Lesson Wednesday

As our last week working through our ongoing MyRestaurants application draws to a close, let's continue to put a few more finishing touches in place. Currently, if users navigate to their list of saved restaurants and view a restaurant's details they still see the "Save Restaurant" button; even though they've obviously already saved this restaurant!

This occurs in both portrait and landscape layouts:

portrait-detail-view

landscape-detail-view

However, we still want to keep our project streamlined and well-refactored by re-using the same RestaurantDetailFragment in both SavedRestaurantListActivity and RestaurantListActivity. After all, this button should be the only difference between the two.

In this lesson we'll learn how to hide and show specific elements of a fragment based on additional context about the fragment's usage; such as where the user is navigating to it from. In our application specifically, we will hide the "Save Restaurant" button on the RestaurantDetailFragment if the user accesses it through the SavedRestaurantListActivity.

Determining Location

First, we need to determine the area the user is accessing the RestaurantDetailFragment through, and make this information accessible to the fragment itself. We'll do this by including additional information with the OnRestaurantSelectedListener we created in the last lesson.

We'll structure this information in the form of an additional argument to its singular onRestaurantSelected() method. As you know, intent extras are key-value pairs. To minimize room for error we'll place one key and two potential values in our Constants class:

Constants.java
...
    public static final String KEY_SOURCE = "source";
    public static final String SOURCE_SAVED = "saved";
    public static final String SOURCE_FIND = "find";
...

Here, KEY_SOURCE will represent the key in the key-value pair of the intent extra. SOURCE_SAVED will be the corresponding value when the user navigates to this fragment through the SavedRestaurantListActivity, and SOURCE_FIND will represent the value when the user travels from the RestaurantListActivity (or, the "Find Restaurants" area of our application).
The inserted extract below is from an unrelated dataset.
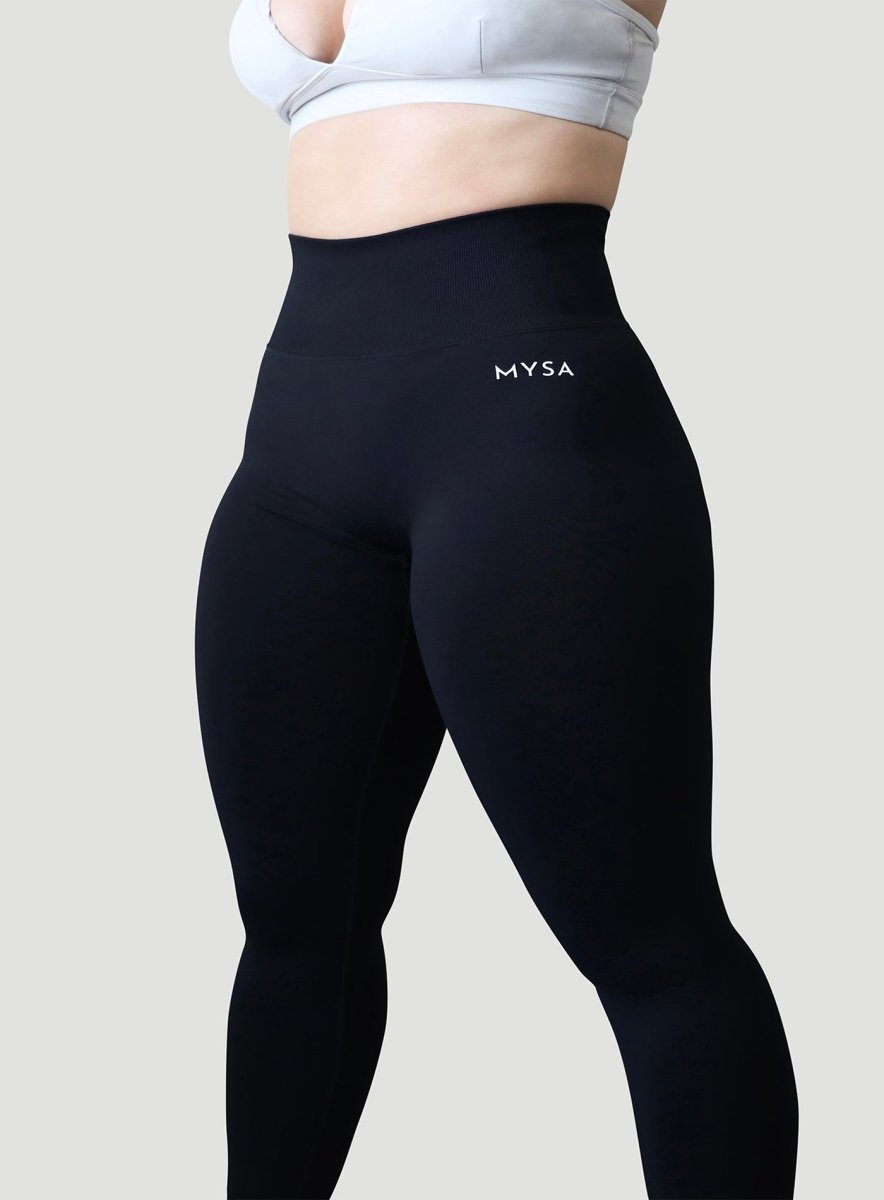 Black Pulse Leggings - MYSA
Passing Location Information Through Listeners

Now, we'll use the key and value options we've placed in our Constants class to include this additional information when creating a new instance of our OnRestaurantSelected listener interface.

First, we'll add an additional source parameter to its singular onRestaurantSelected() method:

OnRestaurantSelectedListener.java
public interface OnRestaurantSelectedListener {
    public void onRestaurantSelected(Integer position, ArrayList<Restaurant> restaurants, String source);
}

source will be the String name of the activity the user views our reusable fragment from; Either "RestaurantListActivity" or "SavedRestaurantListActivity", in our case.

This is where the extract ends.